Right, so background-position is a complicated beast and for historical reasons we can't "fix it".

So the solution is to make it more complicated by inserting some voodoo in the Values spec buried in the rules for Calc()?  That seems incredibly wrong-headed to me.


> Unfortunately, we can't change that behavior, so instead we
> should bend calc() into doing the "appropriate" thing here.  This is a
> one-time context-switch for the value, not a change to how calc()
> works in general.

Completely disagree.  If you want to add new functionality to background-position, then add it to background-position.  THEN make changes to Calc to align with it.

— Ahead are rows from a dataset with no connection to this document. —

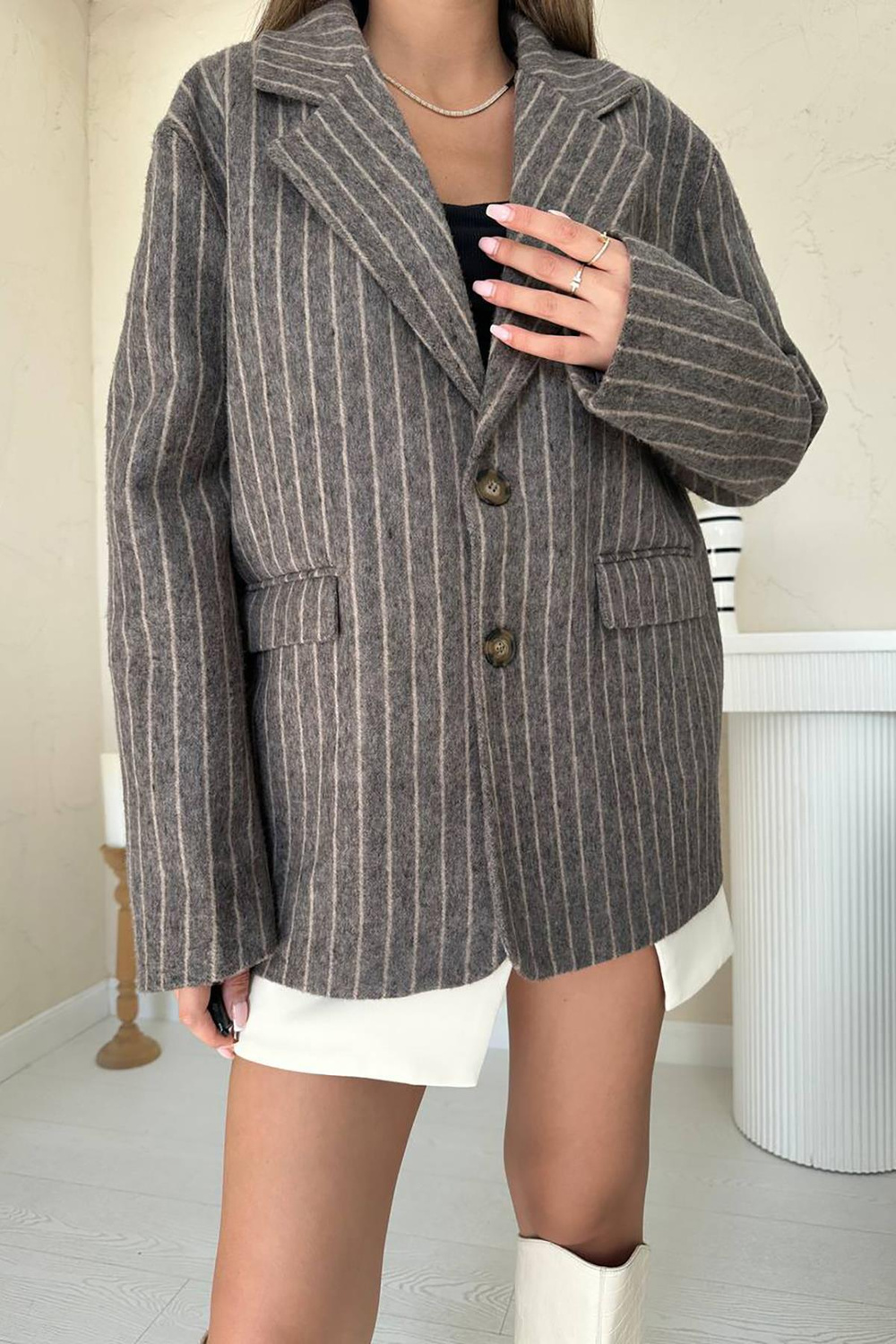 Wholesale Brown Striped Wool Jacket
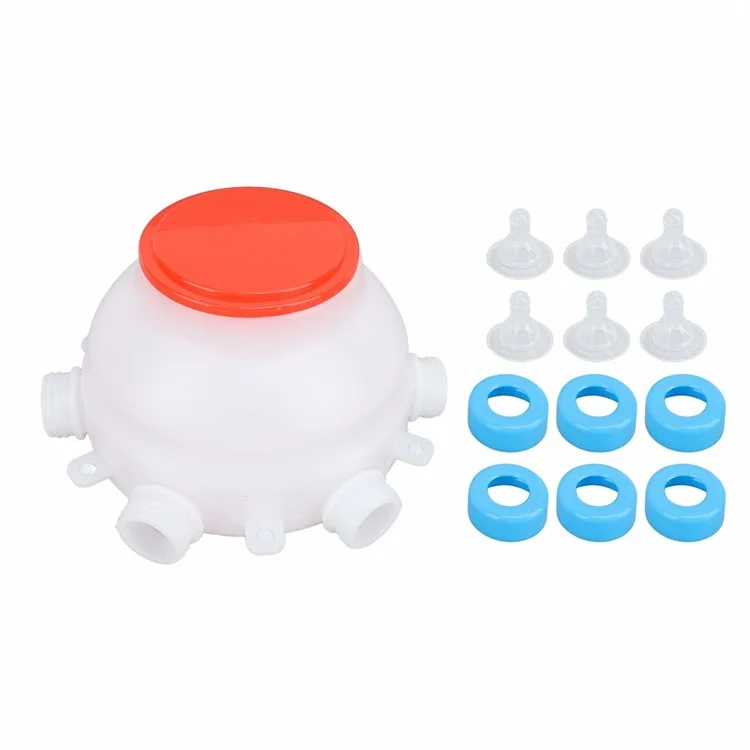 Piggy Milk Feeder 2.5L Round Piglet Poultry Breeding Feeder with 6 Pacifiers for Lambs, Piglets, Cows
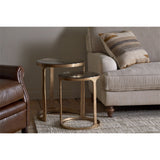 Khidki Glass Top Nest of 2 Side Tables - Antique Brass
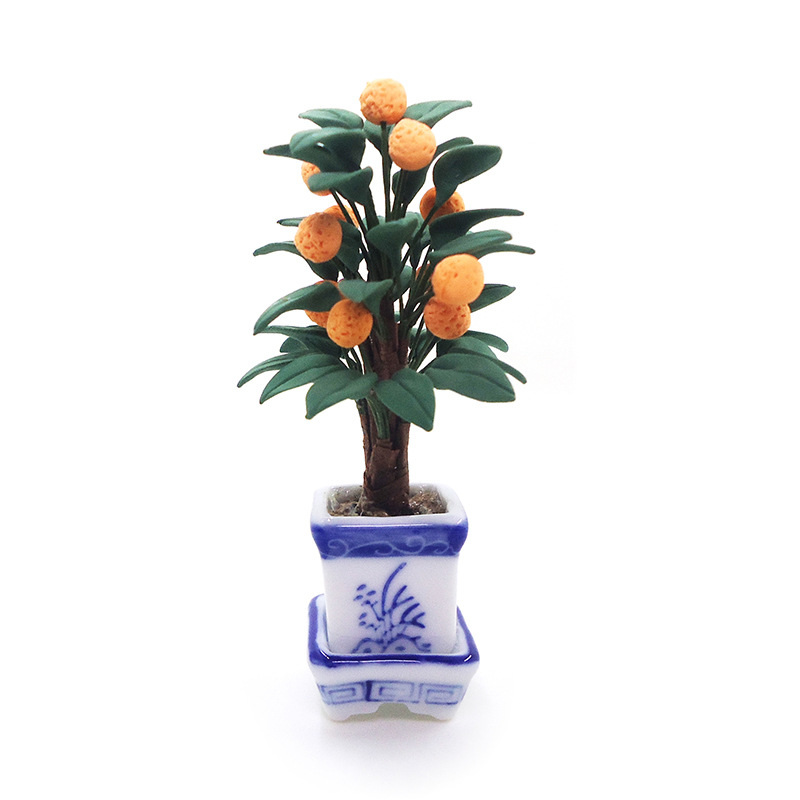 1:12 casa de muñecas accesorios casa de muñecas mini arcilla flor planta naranja árbol en maceta naranja árbol modelo
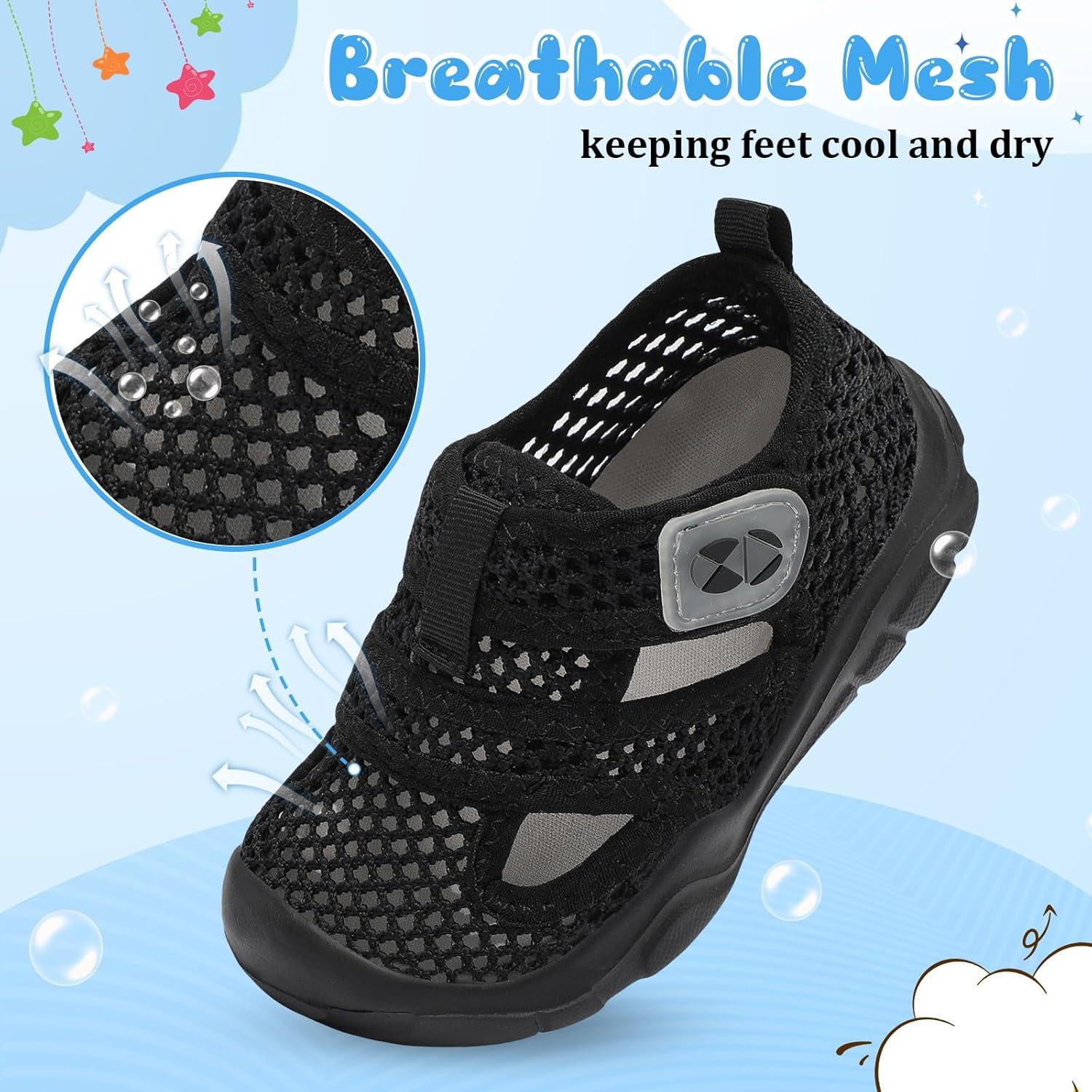 image:imageCentipede Demon Toddler Sandals for Boys Girls Kids Water Sandals Outdoor Breathable Aqua Shoes Summer Barefoot Shoes Lightweight Qucik Dry for Swim Pool BeachBlack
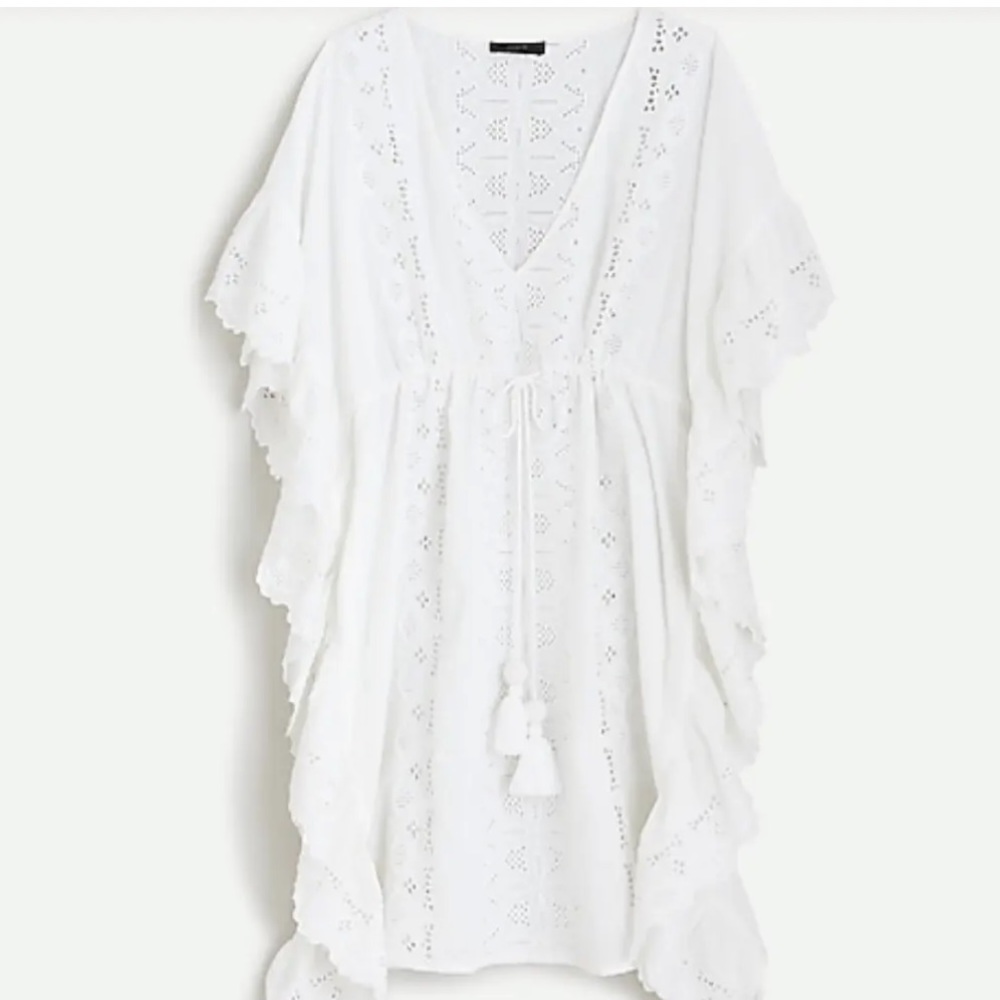 JCREW Eyelet Ruffle tunic coverup with tassels Small white NWT!
Style No. AP033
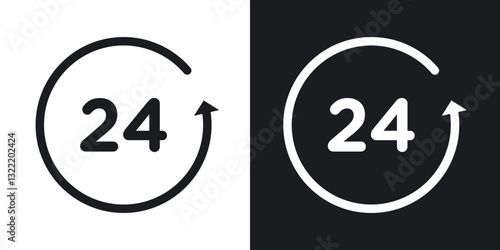 24 Hour time icons in solid black and white collection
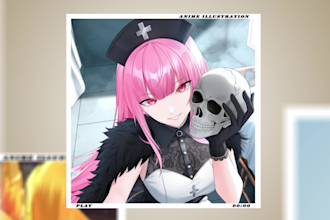 draw anime character illustration, oc, pfp, fanart, 2d vtuber art, pokemon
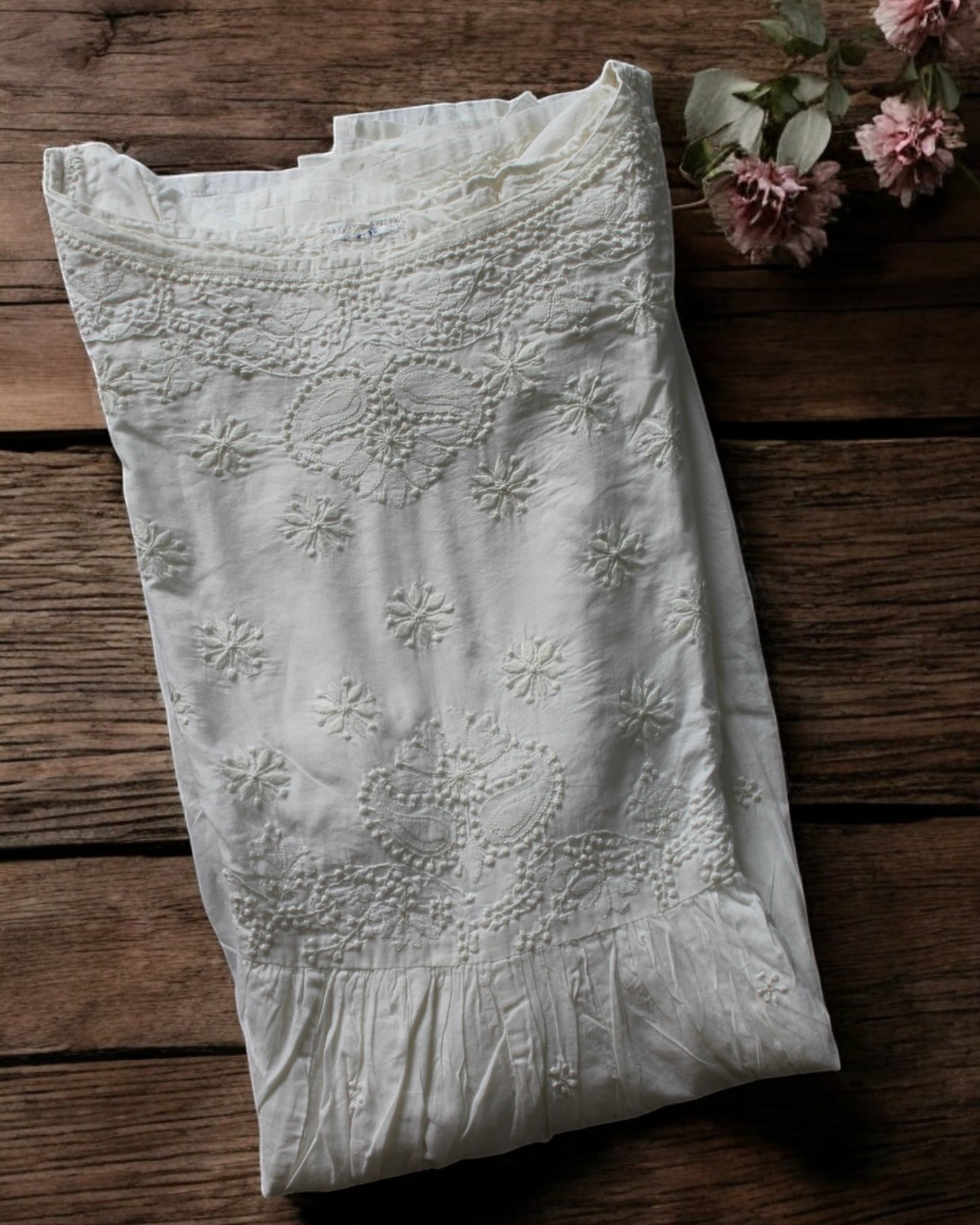 PREMIUM WHITE COTTON SHORT HANDCRAFTED KURTI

The following approach is significantly better:
1. Backgrounds: Introduce <complex-anchor>
	<complex-anchor> = <percentage> [+ | -] <length>
2. Backgrounds: Introduce 4th (and maybe 5th) clause(s) to <bg-position> that show when <complex-anchor> can be used.  Note that it's probably desirable to only support this in background-position not anywhere else that <position> is now being used.
3. Backgrounds: Define how <complex-anchor> behaves when used within a background-position value
4. Values: Describe how "calc(<complex-anchor>)" resolves to "<complex-anchor>" when found within background-position values

Result:  Backgrounds module remains the definitive authority on how background-position behaves and there is no ambiguity.


> > If my assessment of D is correct, then I think the evolution of
> calc() as proposed is extremely confusing and detrimental for CSS as a
> whole.  The complexity of such an endeavor from an engineering
> perspective would be at least as expensive as introducing a new
> document mode.
> 
> This seems incorrect.  In this context you track <percentage> as its
> own unit, and at the end calc() returns both a <percentage> and a
> <length>, which is interpreted as performing the normal behavior for
> <percentage>s and then shifting by <length>.

Calc doing this produces a background-position value format that is incompatible with the Backgrounds module, and thus broken.